An Incremental result is a GraphQL result that is split up into multiple payloads, allowing clients quicker access to parts of the results. Currently this is supported by the proposed @defer and @stream directives (RFC).

HTTP/1.1

An incrementally delivered response should contain the Transfer-Encoding: chunked response header when using HTTP/1.1. Chunked transfer encoding allows the body of the response to be delivered as a series of chunks, allowing clients to read each chunk of the response as it is sent without waiting for the entire response.

HTTP/2

Because of improved data streaming mechanisms, HTTP/2 prohibits the use of the Transfer-Encoding header.
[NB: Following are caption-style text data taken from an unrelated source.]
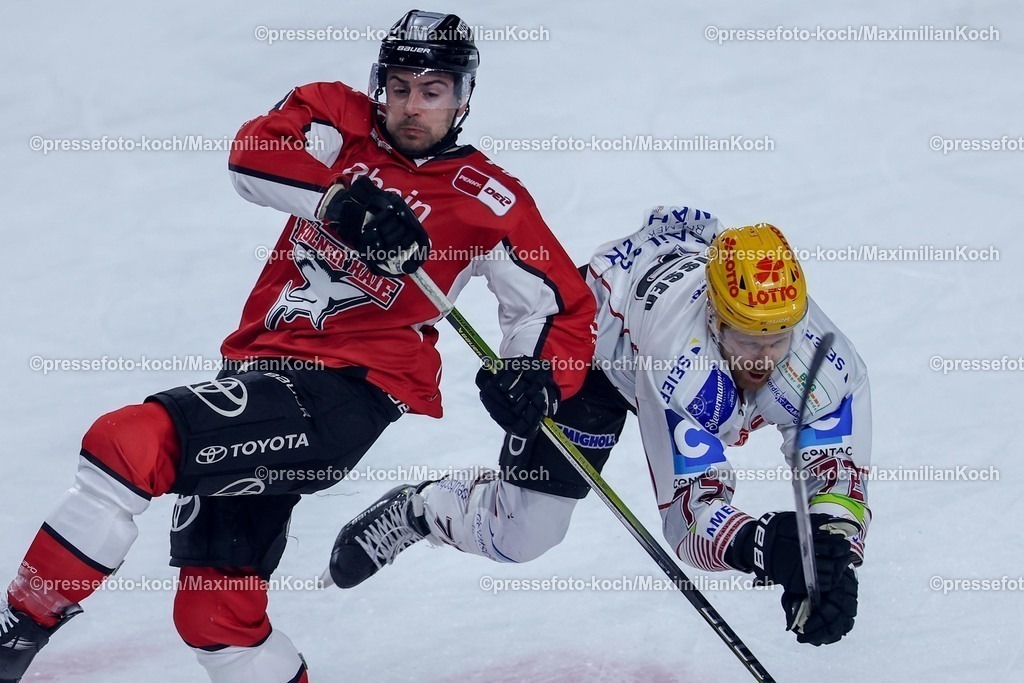 KEC24032501039 | 24.03.2025, Eishockey, DEL Play-offs, Kölner Haie - Fischtown Pinguins Bremerhaven, Viertelfinale Spiel 4, Lanxess-Arena Köln: Maximilian Kammerer (Kölner Haie #9) im Zweikampf gegen Phillip Bruggisser (Fischtown Pinguins #72) 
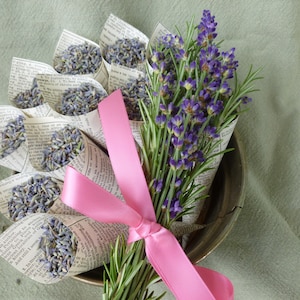 Fragrant Lavender & Rosemary in Vintage Paper Cones - 2023 Crop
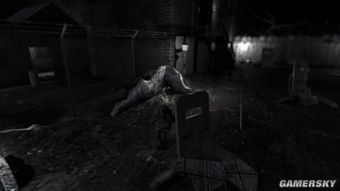 惊悚求生《Lucid Falls》：揭秘暗夜怪物对抗新篇章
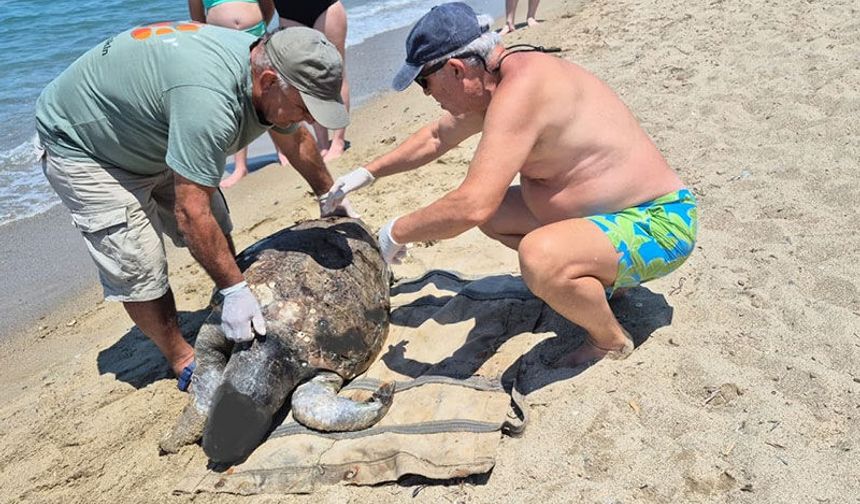 3 caretta caretta ölü bulundu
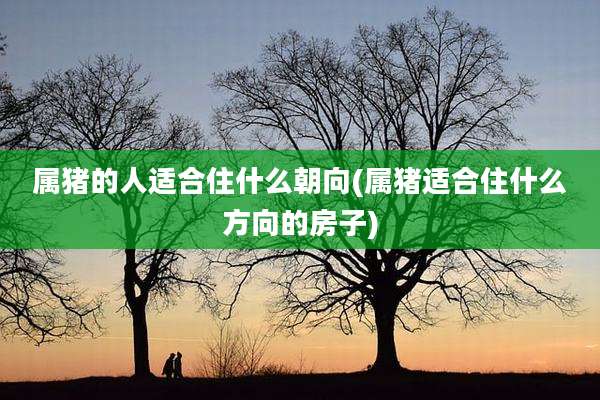 属猪的人适合住什么朝向(属猪适合住什么方向的房子)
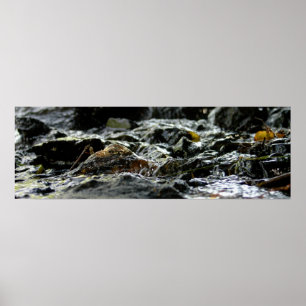 Bond Falls - Upper Peninsula Poster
It is very likely that compliant servers will treat requests containing the header as malformed (see section 8.2.2. Connection-Specific Header Fields in HTTP/2 spec).

Compliant servers must follow the HTTP/2 specification and not set the Transfer-Encoding header.
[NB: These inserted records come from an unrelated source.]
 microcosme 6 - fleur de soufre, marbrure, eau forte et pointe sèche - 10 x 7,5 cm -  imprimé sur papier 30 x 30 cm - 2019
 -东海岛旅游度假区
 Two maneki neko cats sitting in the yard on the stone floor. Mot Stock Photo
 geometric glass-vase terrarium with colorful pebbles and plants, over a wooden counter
Content-Type: multipart/mixed

The HTTP response for an incrementally delivered response should conform to the specification of multipart content defined by the W3 in rfc1341. The HTTP response must contain the Content-Type response header with a specified boundary, for example Content-Type: multipart/mixed; boundary="-". A simple boundary of - can be used as there is no possiblity of conflict with JSON data. However, any arbitrary boundary may be used.

An example response body will look like:


---
Content-Type: application/json; charset=utf-8

{"data":{"hello":"Hello Rob"},"hasNext":true}
---
Content-Type: application/json; charset=utf-8

{"data":{"test":"Hello World"},"path":[],"hasNext":false}
-----
  • The boundary used is - and is passed to the client in the http response's Content-Type header. Note that headers can appear in both the HTTP response itself and as part of the response body. The Content-Type header must be sent in the HTTP response.
  • Before each part of the multi-part response, a boundary (CRLF, ---, CRLF) is sent.
  • Each part of the multipart response must contain a Content-Type header. Similar to the GraphQL specification this specification does not require a specific serialization format. For consistency and ease of notation, examples of the response are given in JSON throughout the spec.
  • After all headers for each part, an additional CRLF is sent, followed by the payload for the part.
  • After the final payload, the terminating boundary of CRLF followed by ----- followed by CRLF is sent.

Server Implementations

Client Implementations

  • fetch-multipart-graphql - Browser support using fetch or XMLHttpRequest
  • meros - A fast utility for reading streamed multipart/mixed responses on the client.